Rack is a minimalistic Ruby Web server Interface. As a matter of fact, we can use Rack to build web applications if we follow its protocol. Notably, the protocol is straightforward. We need a Ruby object that responds to the call method which returns a three-element Array:

# rack_hello_world.rb

require 'rack'
 
class HelloWorldApp
  def self.call(env)
    # 200 is the HTTP status code
    # the second element is the response HTTP header hash
    # finally the last element is the response body
    ['200', {'Content-Type' => 'text/html'}, ['A hello world rack app.']]
  end
end

Rack::Handler::WEBrick.run HelloWorldApp

To try the above rack application:

$ gem install rack
$ mkdir rack_hello_world
$ cd rack_hello_world

Write the rack_hello_world.rb file and execute:

$ ruby rack_hello_world.rb
$ curl -I http://localhost:8080

The Middleware

We can compose Rack applications together using middlewares. A middleware basically lets us wrap different inputs and outputs in order to integrate them into our problem-solving.

One common usage is in Rails. For example, Rails uses middlewares to wrap HTTP requests in a simple way.

Continuing from the previous example lets implement a middleware which will add some headers to our response:

# rack_hello_world.rb

# ...

class AddSomeHeaders
  def initialize(app)
    @app = app
  end

  def call(env)
    @app.call(env).tap { |status, headers, body| headers['X-awesome'] = true }
  end
end

app = Rack::Builder.new do
  use AddSomeHeaders
  run HelloWorldApp
end

Rack::Server.start app: app

The response headers:

$ curl -I http://localhost:8080
# => HTTP/1.1 200 OK
# => Content-Type: text/html
# => X-Awesome: true
# => Server: WEBrick/1.3.1 (Ruby/2.3.3/2016-11-21)
# => Date: Thu, 01 Jan 2018 21:29:53 GMT
# => Content-Length: 23
# => Connection: Keep-Alive

The Real World

For a real-world usage of a Rack middleware, we can open the Rails project.

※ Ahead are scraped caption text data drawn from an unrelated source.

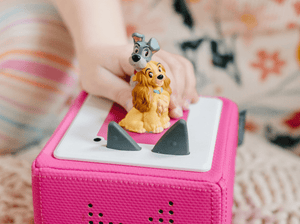 Child Playing With Disney Lady And The Tramp Tonie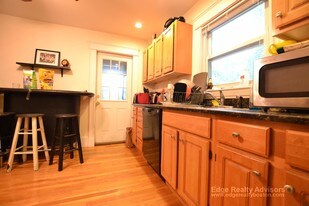 33 Dickinson Rd, Unit 1 in Boston, MA - Building Photo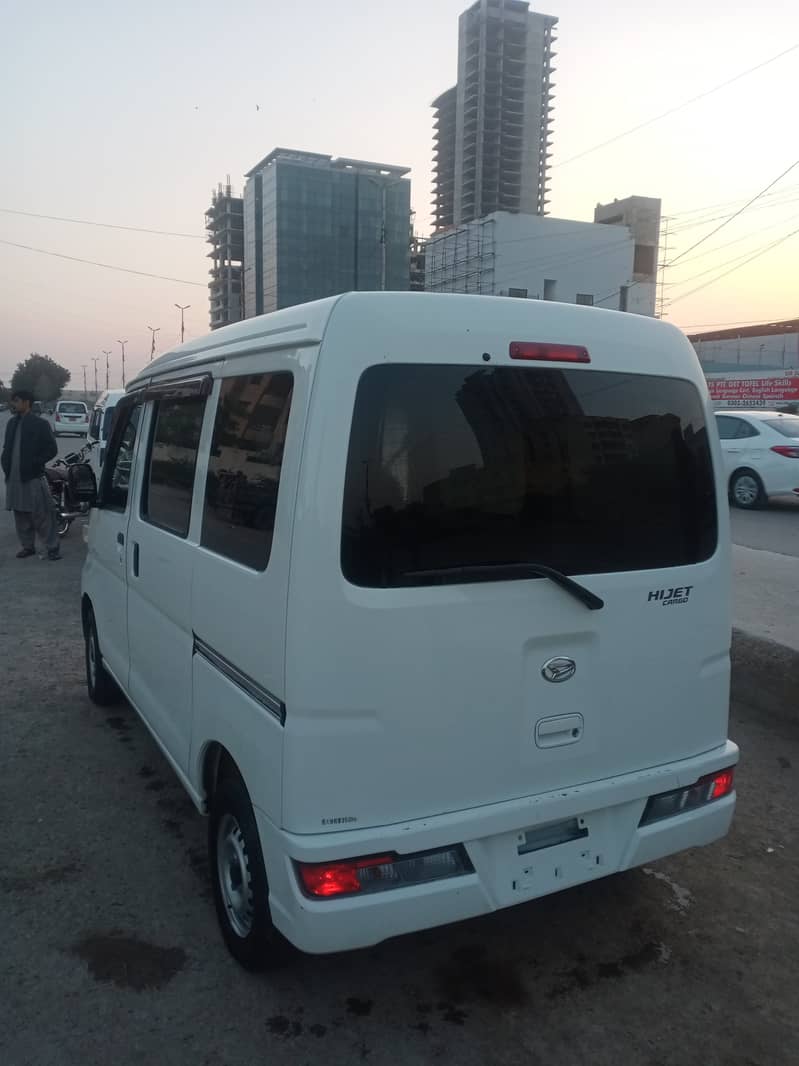 Daihatsu Hijet 2019 Deluxe 2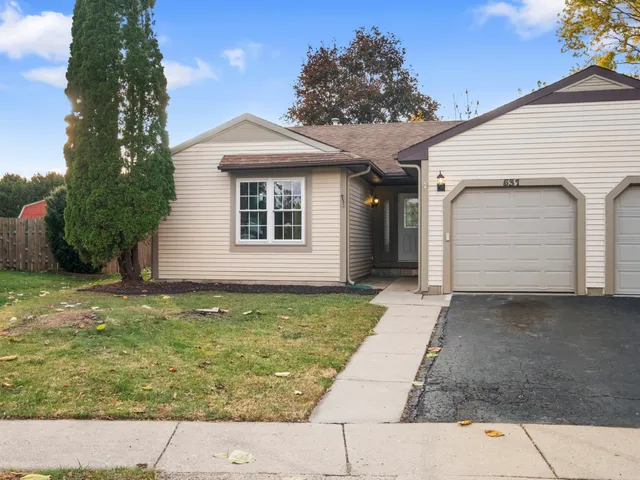 $389,900 | 531 Lasalle Lane, Buffalo Grove, IL 60089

# /actionpack/lib/action_dispatch/middleware/ssl.rb

# I simplified the call for the article's purpose
def call(env)
  request = Request.new env

  if request.ssl?
    @app.call(env).tap do |status, headers, body|
      set_hsts_header! headers
    end
  end
end

As a matter of fact, we can observe that the tap is being used. This basically enables us to manipulate the app object(here the response) in a clean way at a later time. To put it differently, the logic is that @app.call(env) will have to return before the tap block gets executed.

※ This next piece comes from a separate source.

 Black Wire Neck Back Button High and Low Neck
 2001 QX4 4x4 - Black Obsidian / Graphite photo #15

The above is equivalent to:

def call(env)
  request = Request.new env

  if request.ssl?
    res = @app.call(env)
    res[1] = set_hsts_header! res[1]
    res
  end
end

It’s important to realize that if we want to place a middleware before the ActionDispatch::SSL one we would have to tap(sic) into the object after the ActionDispatch::SSL middleware is done.

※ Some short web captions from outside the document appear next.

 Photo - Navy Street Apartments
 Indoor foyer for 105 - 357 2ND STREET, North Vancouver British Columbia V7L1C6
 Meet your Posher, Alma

Indeed, we can observe this functionality if we extend our previous example:

# rack_hello_world.rb

# ...

class EditSomeHeaders
  def initialize(app)
    @app = app
  end

  def call(env)
    @app.call(env).tap do |status, headers, body|
      headers.delete('X-awesome')
      headers['X-double-awesome'] = 'true'
    end
  end
end

app = Rack::Builder.new do
  use EditSomeHeaders
  use AddSomeHeaders
  run HelloWorldApp
end

Rack::Handler::WEBrick.run app

Notice how EditSomeHeaders is being placed before AddSomeHeaders in the middleware stack.

To clarify, execute:

$ curl -I http://localhost:8080
# => HTTP/1.1 200 OK
# => Content-Type: text/html
# => X-Double-Awesome: true # => This has changed
# => Server: WEBrick/1.3.1 (Ruby/2.3.3/2016-11-21)
# => Date: Thu, 01 Jan 2018 22:24:29 GMT
# => Content-Length: 23
# => Connection: Keep-Alive

Meanwhile, the full code example is available on github.

Takeaway

In this article, we’ve explored the basic concepts of Rack, built a Rack middleware and investigated how Rails utilizes
Rack to enforce the SSL policy.

All things considered, reading the code under the hood of a famous or well-engineered library or framework can teach us new methodologies and ways of solving problems. In essence, going through the Rails source code taught us how to use the tap method to manipulate a Rack object that is being manipulated later in the stack.